An Ike Schwartz Mystery!
Buy it now from Ramsay Books!
Frederick Ramsay. Poisoned Pen, $24.95 (268p) ISBN 978-1-59058-535-1
Two locked-room murders, nearly 150 years apart, confound Sheriff Ike Schwartz of Picketsville, Va., in Ramsay’s suspenseful fourth regional mystery (after 2007’s Buffalo Mountain). Schwartz discovers that both crimes, with sinister undertones of Poe, occurred at the antebellum-era Lydell mansion. The estate’s owner, Jonathan Lydell IV, is distraught to find his renovated “stranger room” (a guest room with its own outside entrance) soiled by death and the intrusion of law enforcement. While Schwartz and acting deputy Karl Hedrick (on loan from the FBI) contend with Lydell’s condescension and racism, they’re soon distracted by a growing meth epidemic, vandalism and even another death in Picketsville. Ramsay skillfully weaves historical fact into his story, all the while blending brisk action with excellent characterization. Schwartz has matured throughout the series, and readers will eagerly await his next adventure. (Aug.) -Publishers Weekly
Just when you think you have seen it all in mystery topics, one comes along that has a totally new twist. The “Stranger Room” is that mystery. It is murder, intrigue, southern genteel and bigotry at its best. Once I picked up the book to read, I had a hard time putting it down. It is the fourth book by the talented author and after reading this story, I would be very interested in reading his other books.

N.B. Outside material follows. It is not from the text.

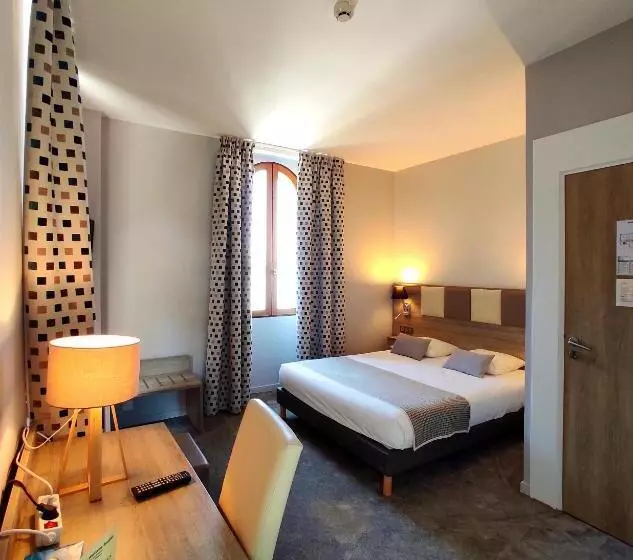 اتاق استاندارد با چشم‌انداز استخر, Hôtel Des Princes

The first question that comes to mind when you see the title and the description of the book is, what is a stranger room? A stranger room is a guest room used centuries ago that is not connected to the house. They were built to keep out unsavory guests. The stranger room in this book was not attached to the house and had no windows. The only access was through one door.
The story starts 150-years ago when a guest staying in the Lydell family stranger room is murdered with the door closed and locked on the inside. The mystery was never solved and fell into the background of the Civil War. The town is completely mystified 150-years later when another guest is murdered in the same stranger room with the door locked from the inside. As Sheriff Ike Schwartz and FBI agent Karl Hedrick work to solve the mystery they encounter obstacles, more mysteries and death. The completely arrogant elderly Jonathon Lydell III lives for his family history and connections and provides obstacles at every turn. He is related to the Virginia Lees (both Light Horse Harry and Robert E. Lee) and does not let anyone forget it.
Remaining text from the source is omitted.